**Information shown**

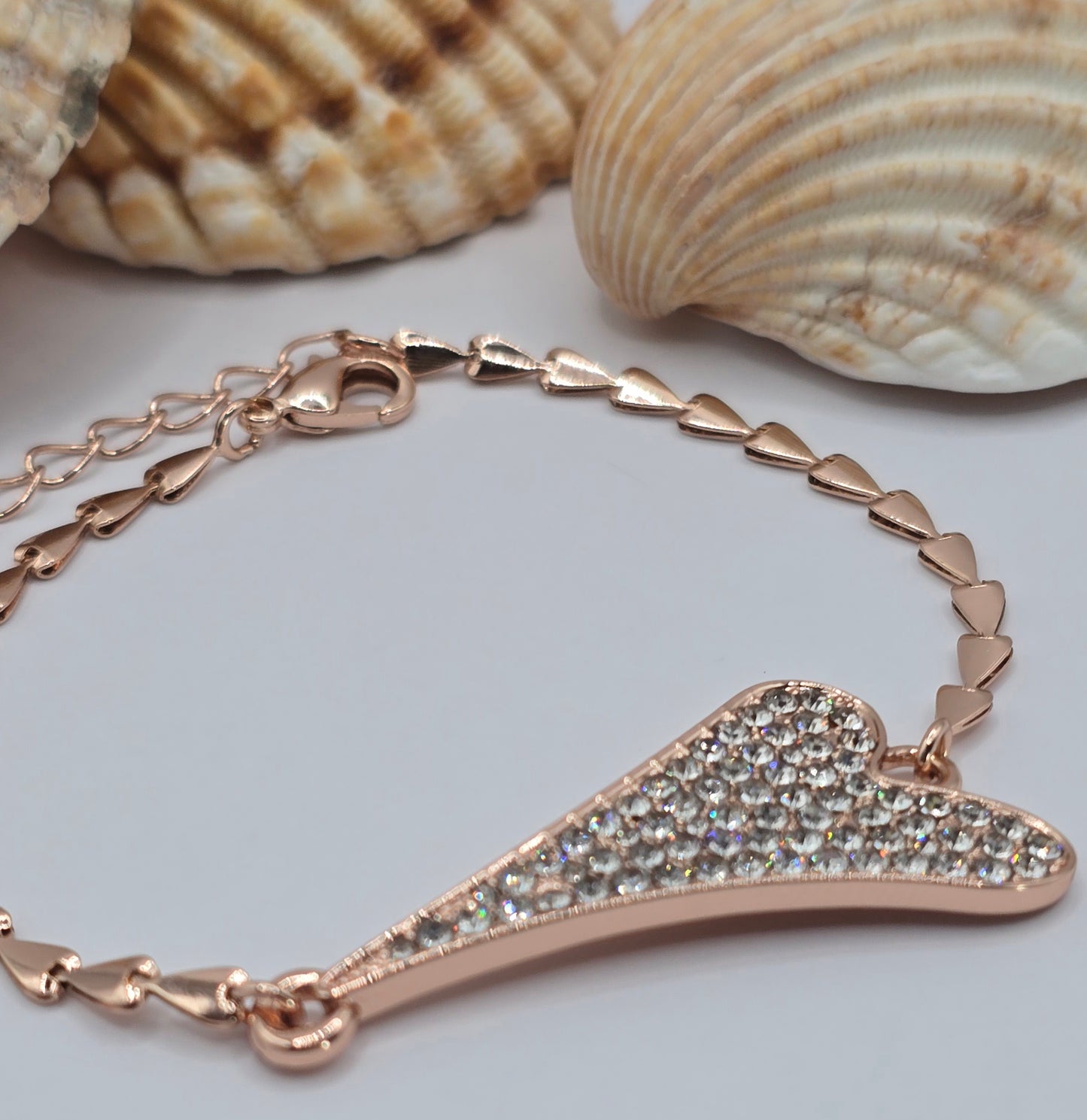 ROSE GOLD DIAMANTE HEART BRACELET *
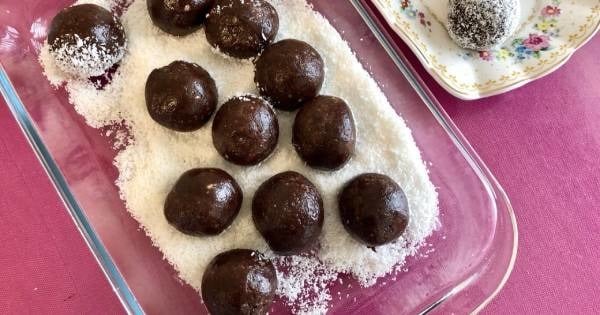 findikli-hindistan-cevizli-truffle-adim-4 (1)
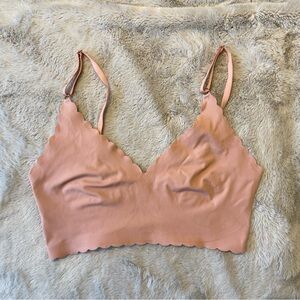 💝3/$20 Scalloped Edge Bralette in Pink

**Assignment**
The lines to write out run from the one containing "findikli-hindistan-cevizli-truffle-adim-4 (1)" through the final line of the material above, both included; write them out exactly, with no pictures.

**Reply to the task**
 findikli-hindistan-cevizli-truffle-adim-4 (1)
 💝3/$20 Scalloped Edge Bralette in Pink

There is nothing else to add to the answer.